Brief descriptive captions
::::

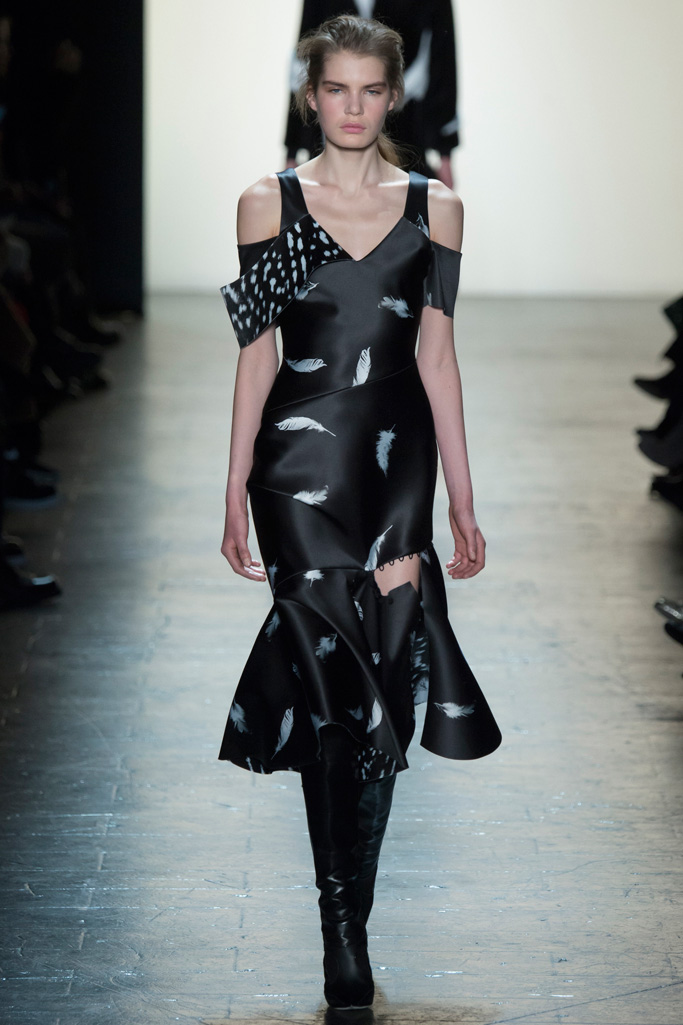 Prabal Gurung 2016秋冬流行發布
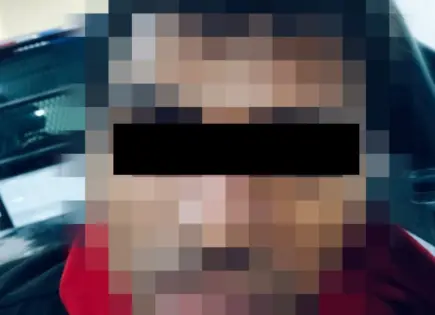 Cae asaltante de Uber; uno más escapó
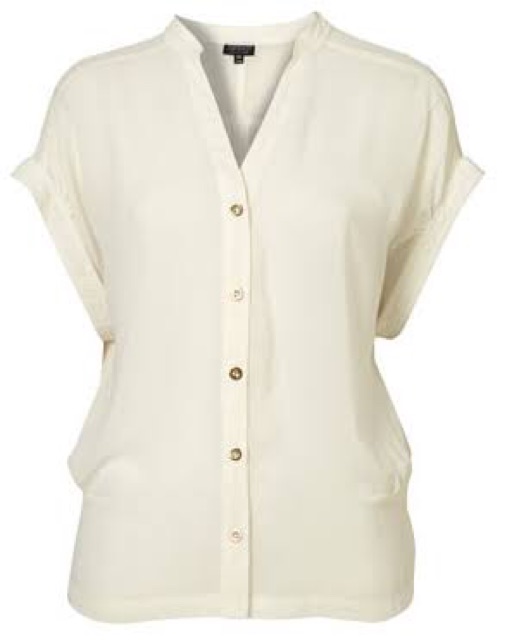 topshop-chiffon-blouse-สีดำ-เหมือนใหม่-แท้-ขายแล้วค่าา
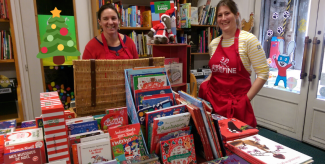 Des idées cadeaux Noël pour petits et grands avec la Librairie Gréfine de La Rochelle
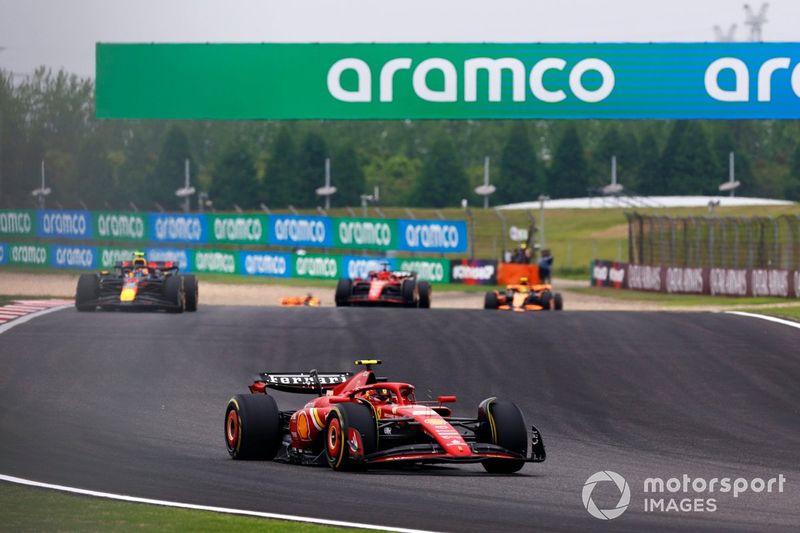 Carlos Sainz, Ferrari SF-24 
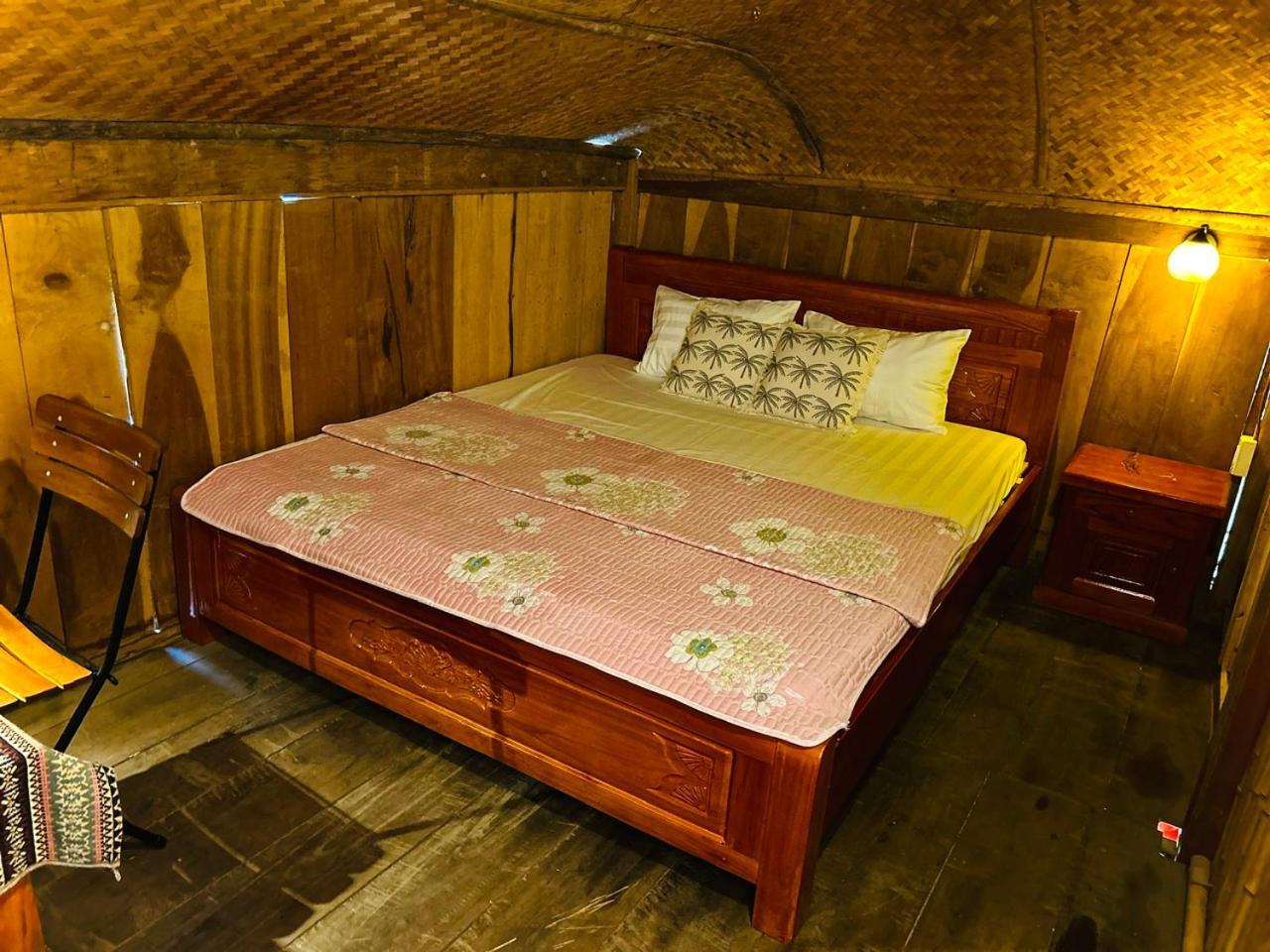 Charm Spa & Homestay Lao Tchay Kültér fotó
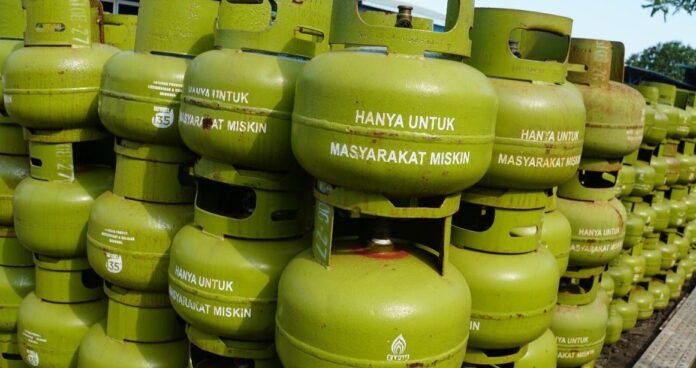 LPG 3 Kg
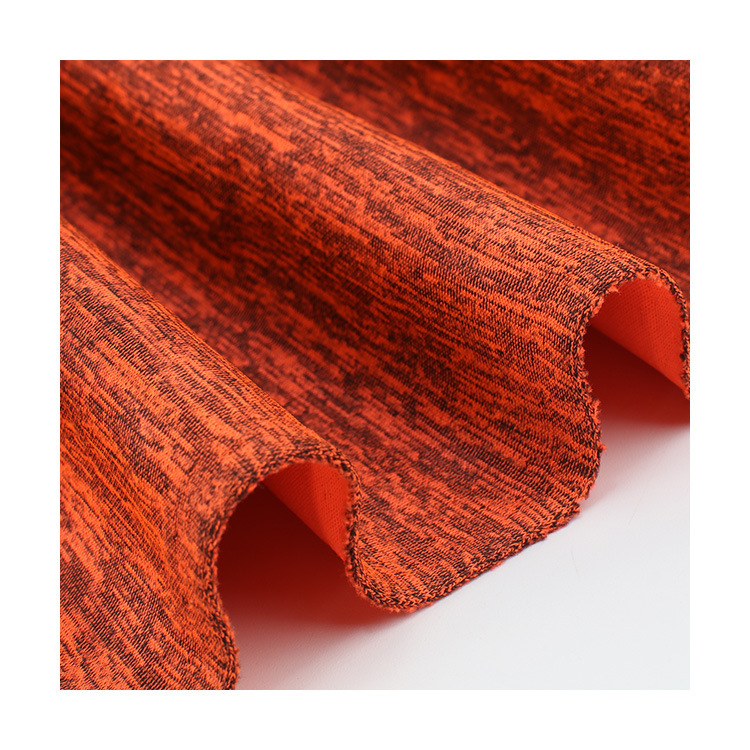 Hot Sale red ion health cloth, school uniform fabric, casual wear jacket fabric polyester fabric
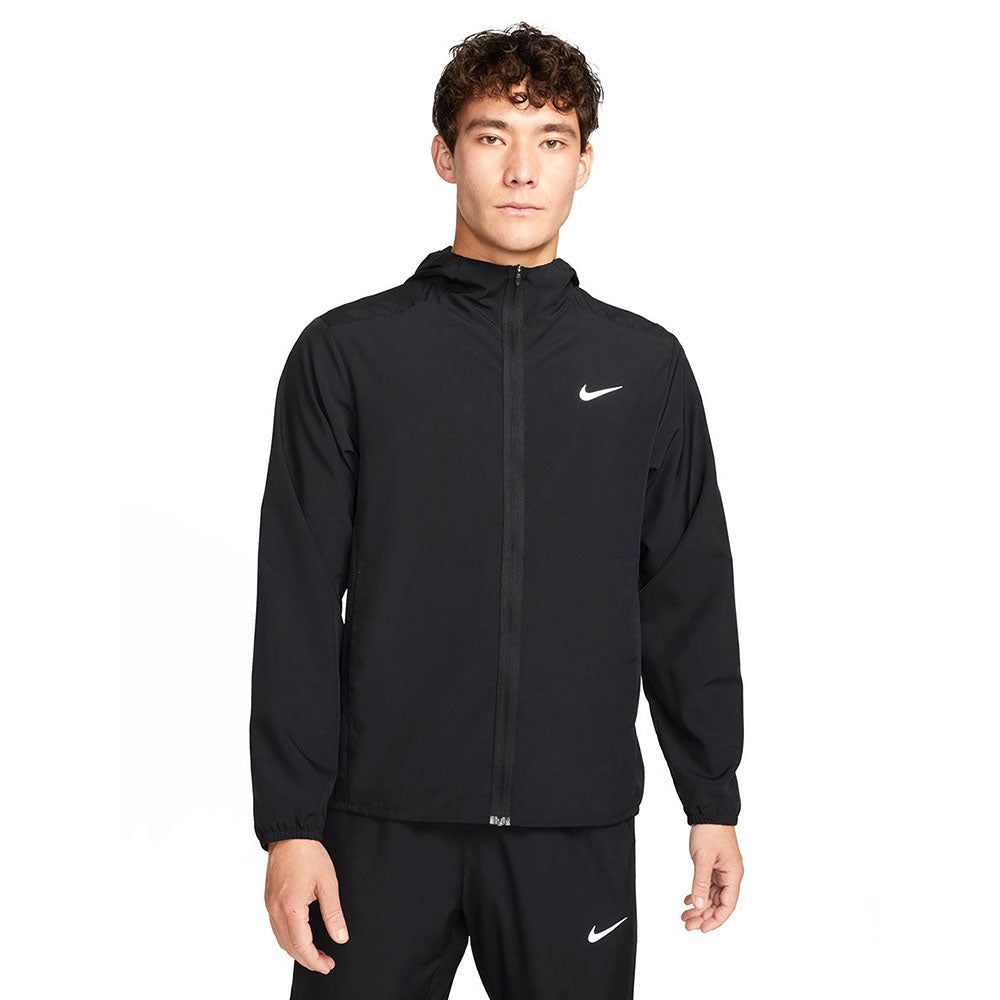 NIKE Form Dri-FIT мужская тренировочная куртка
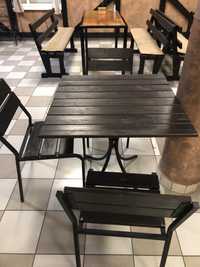 Стіл стільці крісла барні стол на 4 особи стулья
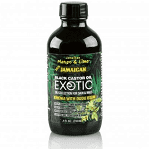 JAMAICAN MANGO & LIME |  Black Castor Oil Tea Tree (4oz)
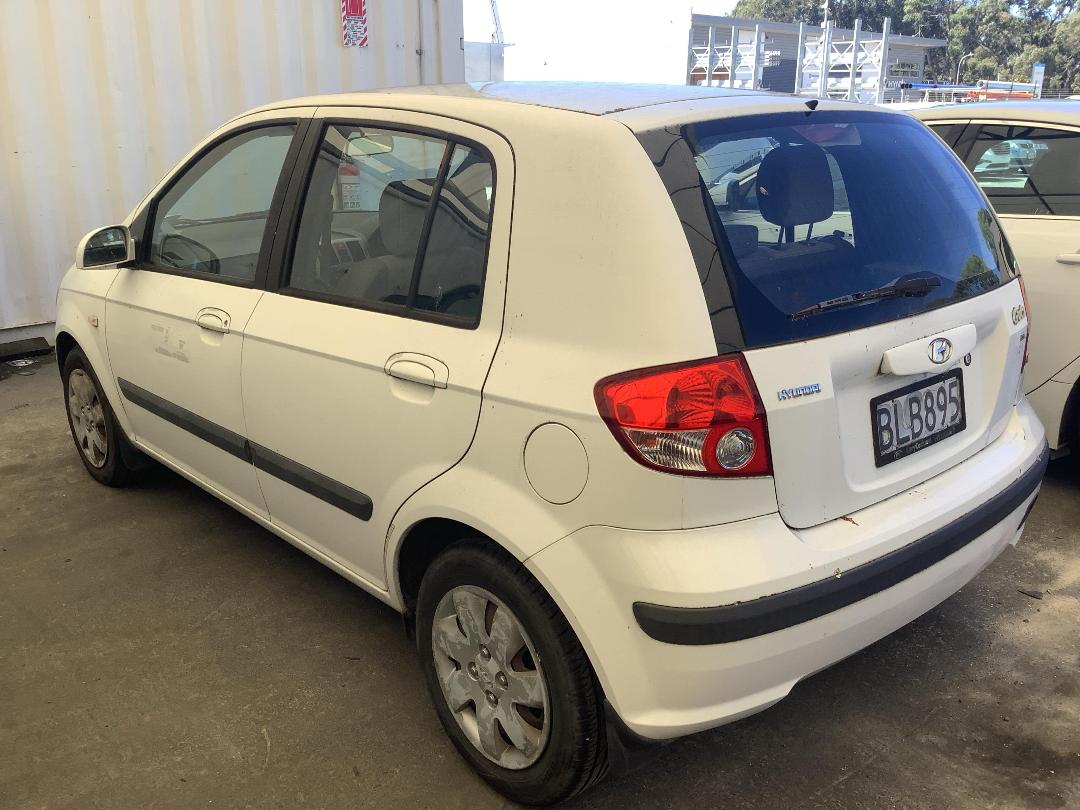 Photo '4' of Hyundai Getz GL Photo '4' of Hyundai Getz GL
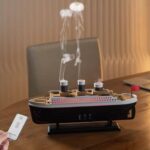 Jelly Ship Aroma Diffuser CNP
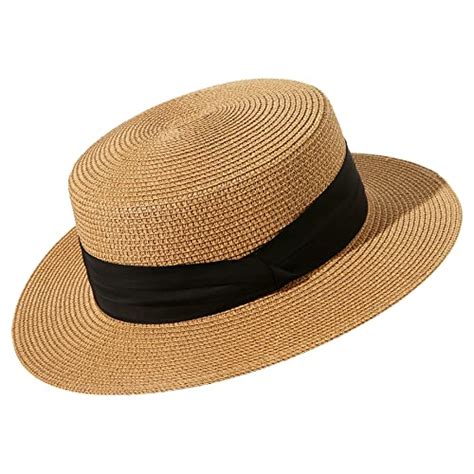 Best Boater Hats For Women The Ultimate Guide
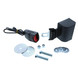 Harlan HTSBEL Seat Belt with Switch for Ground Support Equipment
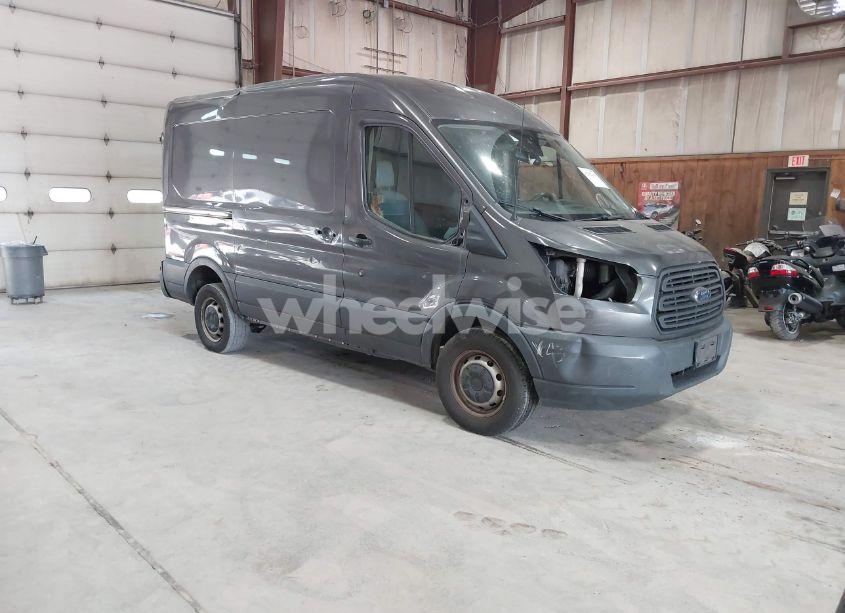 2017 Ford Transit-250 N/A (VIN 1FTYR1CM4HKB33857) main photo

::::

Activity: Return the records above verbatim, images excluded.

Exercise answer:
 Prabal Gurung 2016秋冬流行發布
 Cae asaltante de Uber; uno más escapó
 topshop-chiffon-blouse-สีดำ-เหมือนใหม่-แท้-ขายแล้วค่าา
 Des idées cadeaux Noël pour petits et grands avec la Librairie Gréfine de La Rochelle
 Carlos Sainz, Ferrari SF-24 
 Charm Spa & Homestay Lao Tchay Kültér fotó
 LPG 3 Kg
 Hot Sale red ion health cloth, school uniform fabric, casual wear jacket fabric polyester fabric
 NIKE Form Dri-FIT мужская тренировочная куртка
 Стіл стільці крісла барні стол на 4 особи стулья
 JAMAICAN MANGO & LIME |  Black Castor Oil Tea Tree (4oz)
 Photo '4' of Hyundai Getz GL Photo '4' of Hyundai Getz GL
 Jelly Ship Aroma Diffuser CNP
 Best Boater Hats For Women The Ultimate Guide
 Harlan HTSBEL Seat Belt with Switch for Ground Support Equipment
 2017 Ford Transit-250 N/A (VIN 1FTYR1CM4HKB33857) main photo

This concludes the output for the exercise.